Dwaj amerykańscy żołnierze przeprosili za atak z pokładu śmigłowca Apache na 12 irackich cywili. Film, który pokazuje, jak cywile giną w ostrzale prowadzonym z pokładu amerykańskiego śmigłowca w Bagdadzie w 2007 roku, ujawnił portal WikiLeaks. Listowne przeprosiny przyjęła m.in. wdowa, której mąż zginął podczas ostrzału. Rodziny pracowników Reutersa, którzy także zginęli w nalocie oświadczyli, że powinni zrobić to przed tym jak film trafił do internetu.

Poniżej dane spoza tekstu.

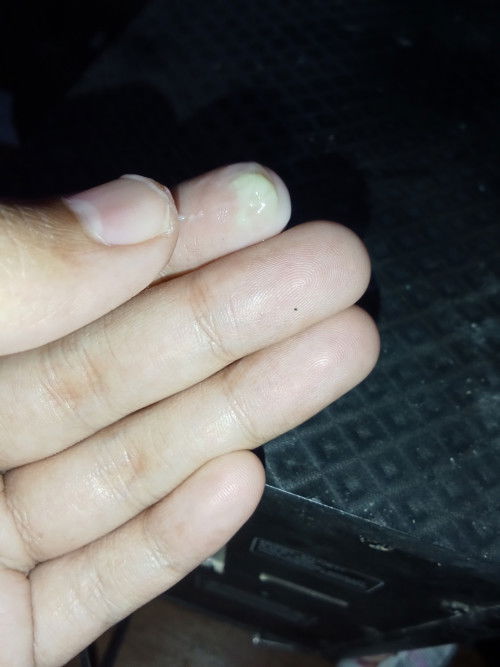Bun ini keputihan atw lendir yaa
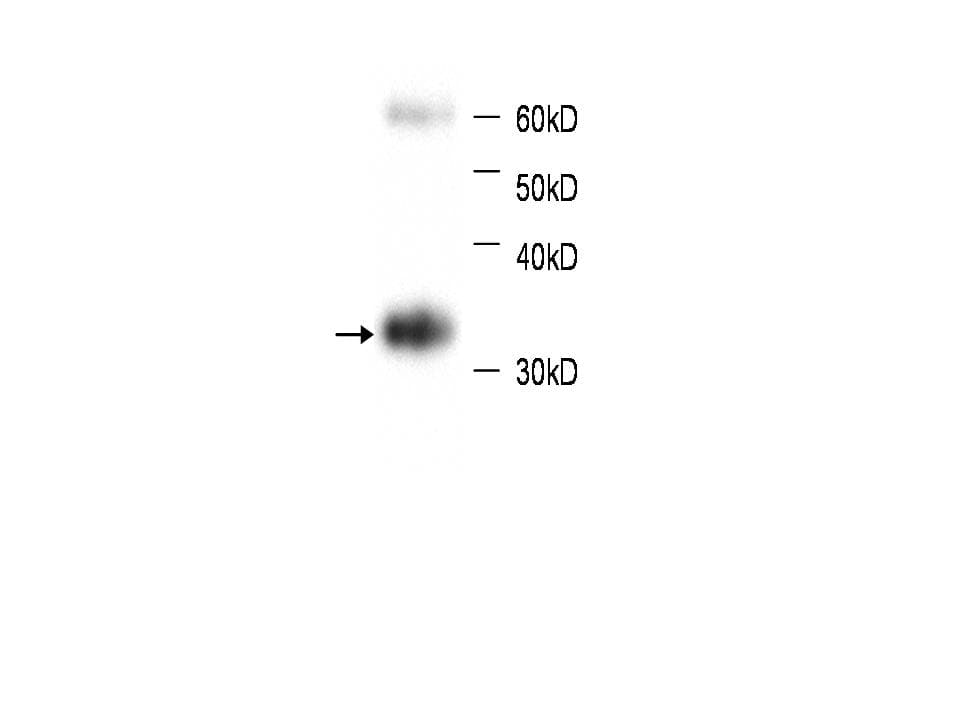 Monoclonal Mouse anti-Human HBB / Hemoglobin Beta Antibody (WB)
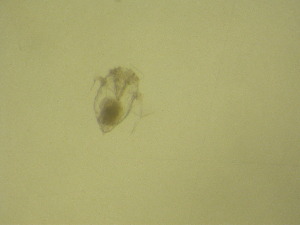  (Synchaeta pectinata - NZPL364)  @11 [ ] Copyright (2010) Ian Hogg Department of Biological Sciences, University of Waikato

Ahlam Abdelhussein Tuman w rozmowie z "The Times" wyznała, że przebaczyła Ethannowi McCordowi i Joshowi Stieberowi. Wojskowi napisali, że "zdają sobie sprawę z ich roli w śmierci waszych rodzin i bliskich".
Jak tłumaczy gazecie wdowa podczas, ostrzału ranna został dwójka jej dzieci 7-letnia Duaa i 13-letni Sajad. Udało się ich uratować.

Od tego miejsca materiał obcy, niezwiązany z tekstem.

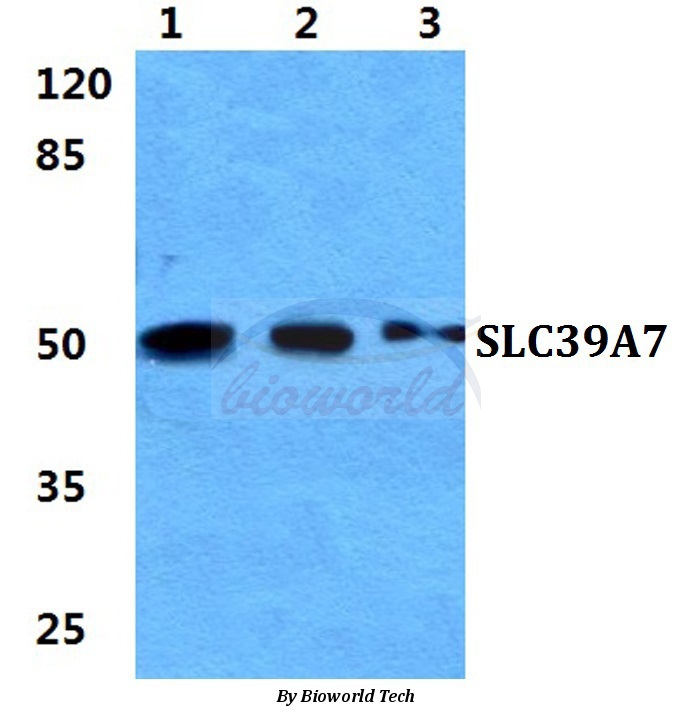 Western blot (WB) analysis of SLC39A7 pAb at 1:500 dilution Lane1:Hela cell lysate Lane2:sp2/0 cell lysate Lane3:H9C2 cell lysate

"Działania przedstawione w tym filmie są codziennymi wydarzeniami tej wojny", napisał w liście McCord podpisanym również przez Stiebera. "Pokornie proszę. Co możemy zrobić, aby rozpocząć naprawę szkód przez nas spowodowanych? Robimy, co możemy, aby wypowiadać się przeciwko polityce wojny i wojskowych odpowiedzialnych za to, co się stało dla Waszych bliskich" - napisali żołnierze.

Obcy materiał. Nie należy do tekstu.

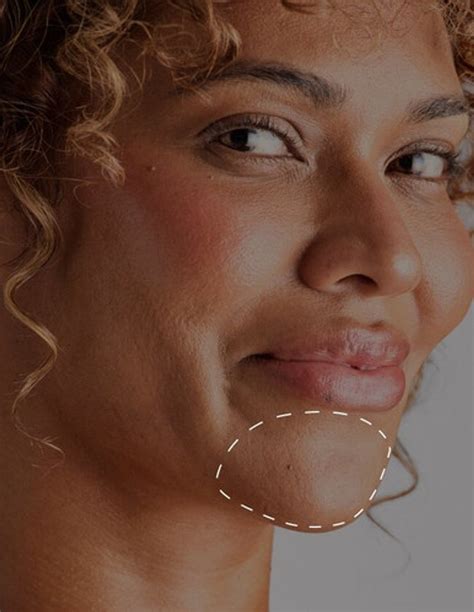 Laser Hair Removal Chin | Laser Clinics Australia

Potrzebne pieniądze na leczenie
Wdowa Tuman zwróciła się do żołnierzy o pomoc finansową. Hospitalizacja jej rannych dzieci kosztowała 15 tys. dolarów, a bieżące koszty leczenia idą w kolejne tysiące dolarów. Tymaczasem rodzina nie ma pieniędzy na podstawowe opłaty, w tym na zapłatę czynszu za dom.
Nie przebaczyli
Rodzina Sajeda Chmagha i Namira Nur-Eldeena - dwóch pracowników agencji Reutera, którzy także zginęli w tym nalocie - mają jednak żal, że żołnierze nie zgłosili się wcześniej przed tym, jak przerażający film trafił do internetu.
Rodziny wezwały też rodziny do złożenia zeznań w sądzie międzynarodowym.
Strzelali by zabić
Kilka tygodni temu 38 minutowy film z Iraku pokazał portal śledczy wikileaks.com. Amerykańscy żołnierze zabijają na nim ludzi w sposób przypominający zabawę w grę komputerową. W tle słychać było wulgarne komentarze żołnierzy (m.in. fuc... pri..). Żołnierze mówią o "martwych draniach", których uśmiercono 30 mm działkiem.
By usprawiedliwić atak raportują, że cywile trzymają broń w rękach. Tymczasem, to co nazywają wyrzutnią RPG, jest w istocie aparatem fotograficznym, a AK47 to kamera dziennikarza.
W sumie podczas ostrzału zginęło 12 cywili.